Alexander Lukaschenko, Wladimir Putin und Emomali Rachmon regieren ihre Länder seit vielen Jahren. /Foto: MDZ-Montage

Belarus: Alexander Lukaschenko

Der belarussische Präsident regiert sein Land seit 1994 mit harter Hand und nahezu uneingeschränkter Machtfülle. Geschickt laviert er zwischen EU, Russland und NATO und hält die Opposition an der kurzen Leine. Doch nach einem Vierteljahrhundert an der Macht denkt Lukaschenko nun über seinen Rückzug nach. „Ich verspreche, dass ich meine Reise ins Jenseits nicht vom Sessel des Präsidenten aus antreten werde“, erklärte der 64-Jährige im März auf einer Pressekonferenz. „Ich habe die Präsidentschaft langsam satt.“ Viele Belarussen rätseln nun darüber, wie Lukaschenko seine Nachfolge regeln will. Eine Reihe von Beobachtern hält eine Machtübergabe an einen der drei Söhne des Präsidenten – Viktor, Dmitrij und Nikolaj – für wahrscheinlich.

Für mehrere Experten kommt ein solches Familienszenario allerdings nur als Übergangsvariante in Frage. Ihnen zufolge sucht der Präsident bereits längst außerhalb seiner Familie nach einem Nachfolger. Allerdings sei die Suche bisher erfolglos, schreibt das Nachrichtenportal eadaily.com. Durch seinen harten Regierungsstil habe Lukaschenko das Heranwachsen eigenständiger Führungspersönlichkeiten verhindert. Allerdings hat der belarussische Präsident bereits erste Schritte für die Zeit nach seinem Abgang angekündigt. So soll eine Verfassungsreform Parlament und Regierung stärken, das Präsidentenamt aber schwächen. Mit einem ähnlichen Schritt hatte sich Nursultan Nasarbajew vor einem Jahr Immunität und Schutz für die Zeit nach dem Rücktritt gesichert und die Operation Rücktritt eingeleitet.

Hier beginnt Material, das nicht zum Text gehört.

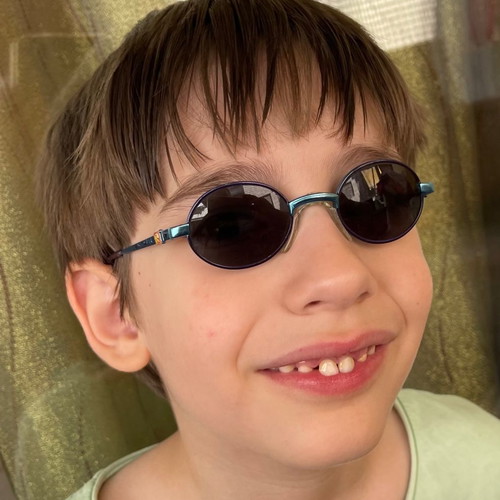 Disney Kids Sunglasses Used, Folding, Up to 7 Years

Tadschikistan: Emomali Rachmon

Im zentralasiatischen Tadschikistan regiert Präsident Emomali Rachmon seit 1992 unangefochten. Mehrmals ließ der Herrscher mit den buschigen Augenbrauen bereits die Verfassung ändern, um an der Macht zu bleiben. Für die 2020 anstehenden Präsidentschaftswahlen hat der 66-Jährige, der offiziell den Titel „Anführer der Nation“ trägt, seine Teilnahme angekündigt. Die meisten Experten halten es daher für ausgeschlossen, dass Rachmon jemals freiwillig abtritt. „Wahrscheinlich wird die Machtübergabe in seinem Testament geregelt“, vermutet Wladimir Scharichin, Vize-Direktor des Instituts für GUS-Forschungen, in einem Interview mit der Nachrichtenagentur Sputnik. „In Tadschikistan ist eine monarchische Form der Macht­übergabe möglich, also entweder vom Vater an den Sohn – oder an nahe Verwandte.“

Tatsächlich hält die Mehrzahl der Beobachter eine Übergabe der Amtsgeschäfte an eins der neun Kinder Rachmons am wahrscheinlichsten. Als aussichtsreichster Kandidat gilt Rustam Emomali, der älteste Sohn des Regenten. Der erst 31-jährige Ökonom und Rechtswissenschaftler wird derzeit gezielt als Politiker aufgebaut. 2017 wurde er Bürgermeister der Hauptstadt Duschanbe. Ein Jahr zuvor wurde das Alter für die Übernahme der Präsidentschaft per Referendum auf 30 Jahre abgesenkt. Auch im Falle eines Rückzugs behielte Emomali Rachmon aber weitreichende Kompetenzen. Als Vater der Nation könnte er künftig bei wichtigen staatlichen Entscheidungen sein Veto einlegen.

Russland: Wladimir Putin

Der russische Präsident regiert seit 2000 mittlerweile in der vierten Amtsperiode. Gemäß Verfassung müsste er sein Büro zur Präsidentschaftswahl im Jahr 2024 räumen. Ob Putin aber wirklich abtritt, ist umstritten. Viele Experten und Journalisten mutmaßen, dass der derzeit 66-Jährige auch nach dem Ende seiner aktuellen Amtszeit weitermachen will. Eine mögliche Verfassungsänderung steht im Raum.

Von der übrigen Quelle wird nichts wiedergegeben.